Les avions ne cessent de tourner au-dessus, une autre patrouille est prévue pour l’après-midi.
Il décide finalement de se rendre, au lieu d’être arrêté comme un vulgaire délinquant.
Sa maison est ceinturée par une forte présence militaire. Il se présente calmement auprès d’un policier gardant la porte, et leur dit, comme si de rien n’était : « S’il vous plaît, voulez-vous m’ouvrir ? » On le fait entrer. Les policiers téléphonent au Commissariat, d’où deux commissaires font irruption, et l’amenèrent au commissariat central ; ensuite auprès du procureur-général Lafontaine. Acheminé au camp Léopold (Kokolo), il sera gardé dans une petite cellule, et giflé par un des premiers gradés de la force publique, Nyamesseko.
Kasa-Vubu n’était pas seul, il y a eu des anonymes, de compagnons, de dirigeants et activistes de l’Abako, non des moindres qui ont joué un rôle déterminant dans la mobilisation de la population le 4 janvier 1959, mais qui sont oubliés.
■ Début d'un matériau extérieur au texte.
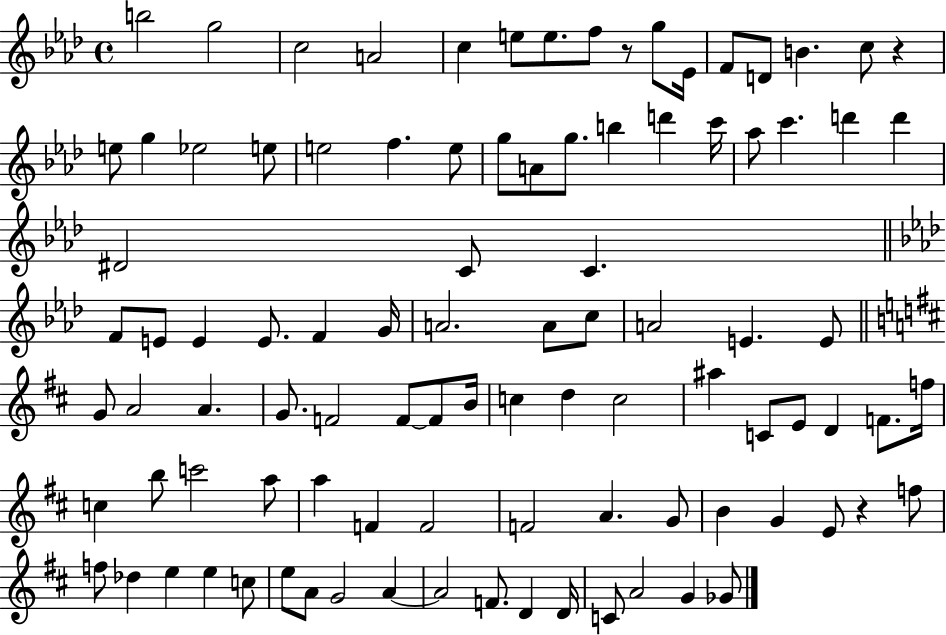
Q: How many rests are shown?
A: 3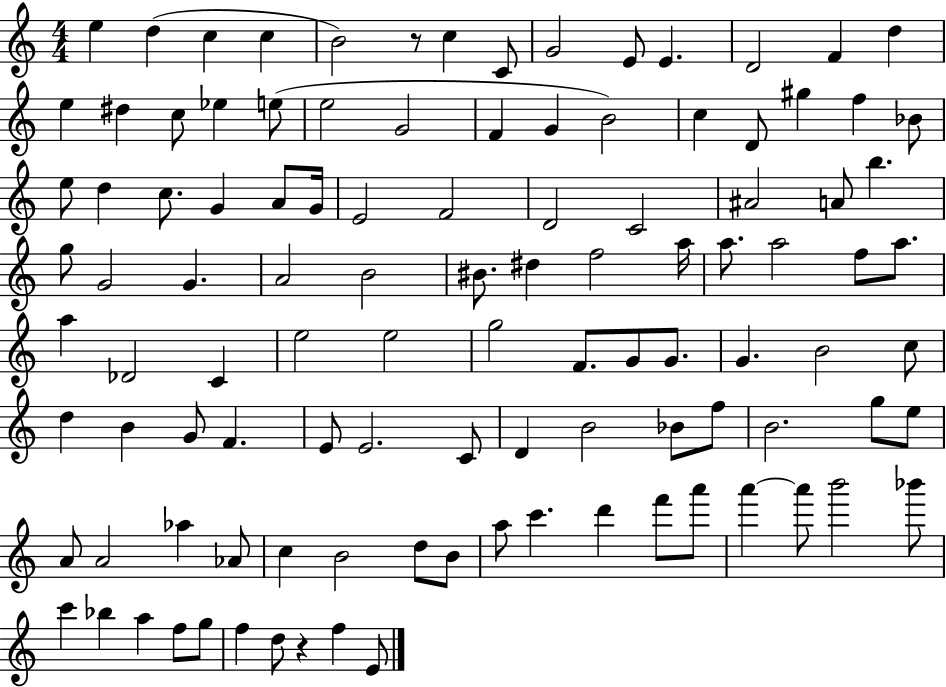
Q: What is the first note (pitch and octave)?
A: E5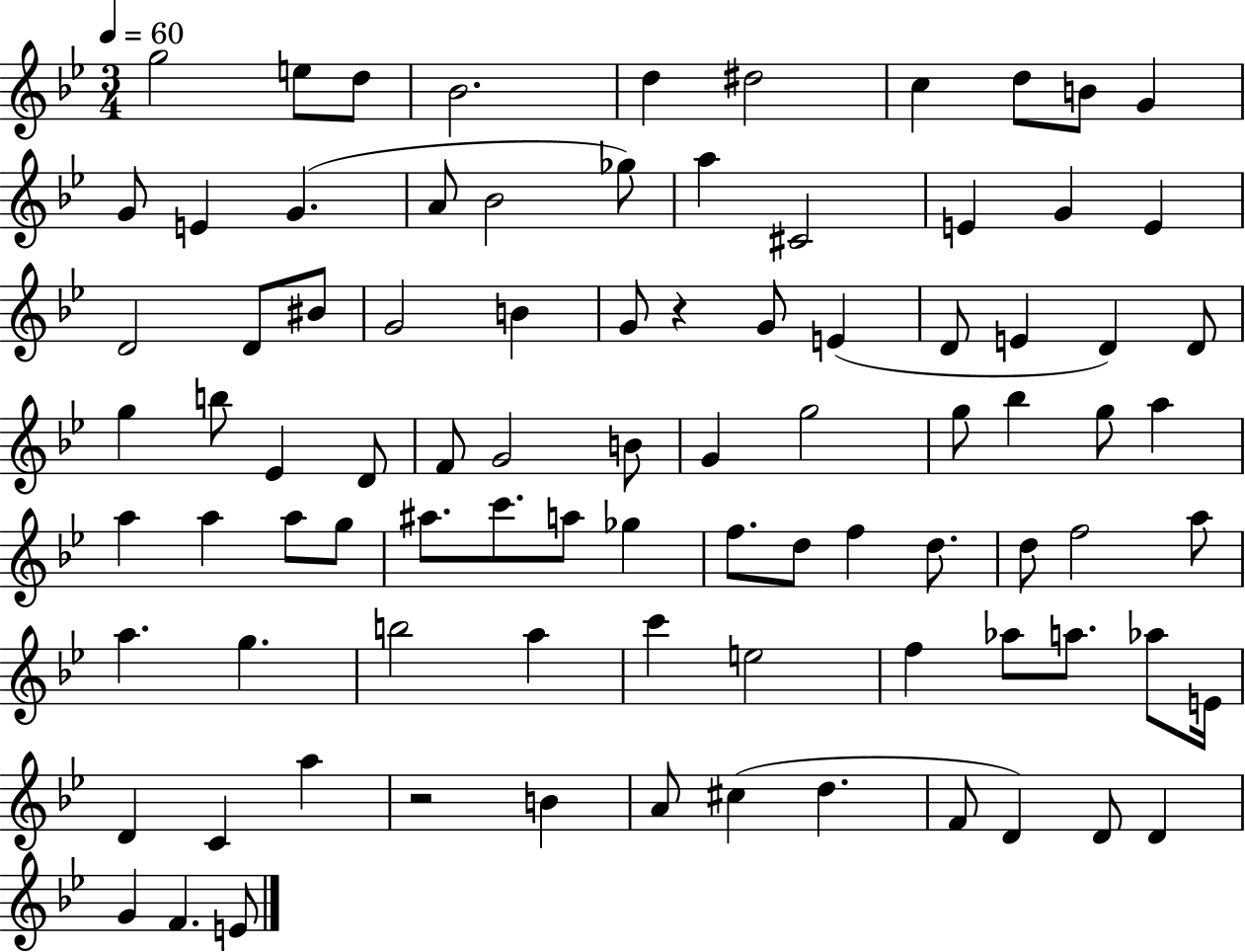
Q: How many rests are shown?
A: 2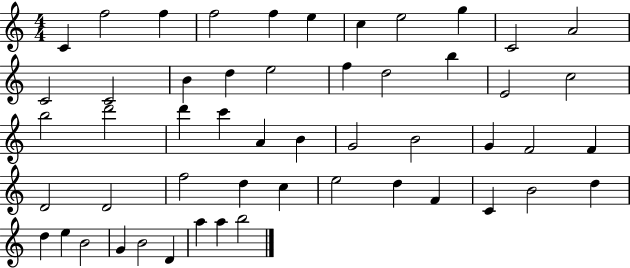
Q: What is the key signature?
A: C major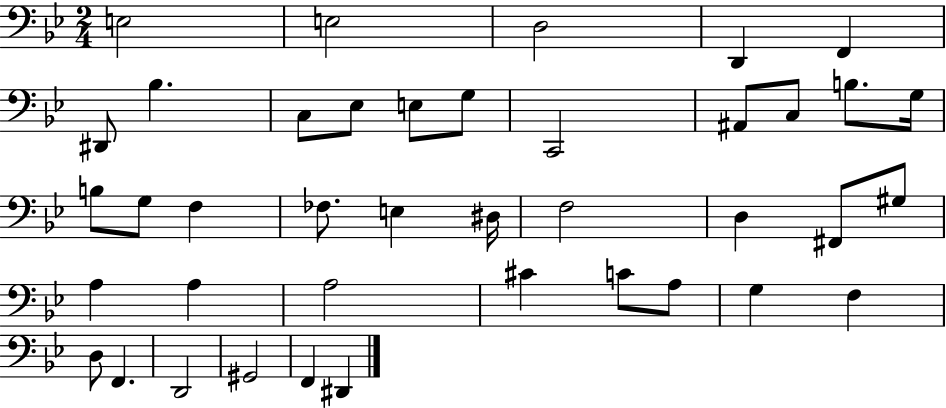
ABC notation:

X:1
T:Untitled
M:2/4
L:1/4
K:Bb
E,2 E,2 D,2 D,, F,, ^D,,/2 _B, C,/2 _E,/2 E,/2 G,/2 C,,2 ^A,,/2 C,/2 B,/2 G,/4 B,/2 G,/2 F, _F,/2 E, ^D,/4 F,2 D, ^F,,/2 ^G,/2 A, A, A,2 ^C C/2 A,/2 G, F, D,/2 F,, D,,2 ^G,,2 F,, ^D,,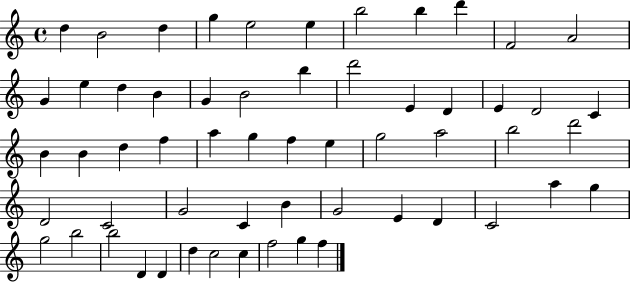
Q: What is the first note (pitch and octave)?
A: D5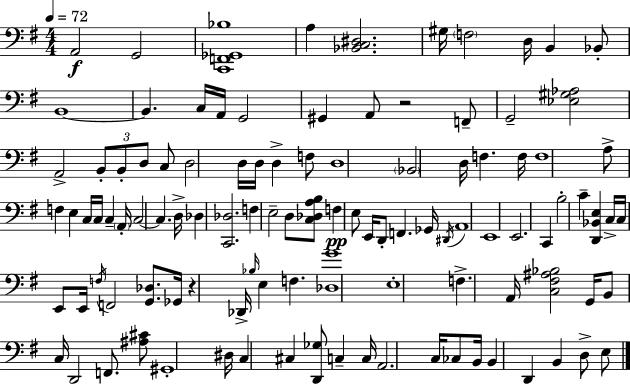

Ils ont été arrêtés par le pouvoir colonial mais leurs noms ne sont jamais évoqués dans les manuels d’histoire, ils sont effacés dans la mémoire collective.
Pourquoi ne pas baptiser des rues, des écoles, des édifices ou des lieux publics des noms de ces personnes historiques qui ont lutté pour l’indépendance, c’est aussi un moyen de se souvenir de leur combat et de perpétuer leur mémoire dans la construction du récit national du Congo.
Il s’agit d’Edmond Nzeza Nlandu qui fut le président de l’Aboka, Daniel Nkanza Kinsona, Philémon Madudu, Esaïe Kiyena, Raphaël Batshikama, Raymond Bikebi, Antoine Makengo, Vital Moanda, Simon Nzeza, François Makungu, Joël Nsiku,Boniface Langa, Alphonse Masamba, Antoine Kitolo, Paul Ngumba, François Pululu,Gaston Diomi, Arthur Pinzi (jeune bourgmestre de Kalamu , un quartier à Yolo porte son nom), Alphonse Mangonda, Philibert Luyeye, Dominique Ndinga, Albert Ndombele, Simon Nkanga, Antoine Mawangu, Simon Malenga Diyoya, Jean Baptiste Nteke, Antoine Kingotolo, Joseph Mumbamuna,Robert Weyi Kiangudi, Jean Sala, Georges Masianga Fundu, Daniel Ngonda, Jean Landu Nzeza.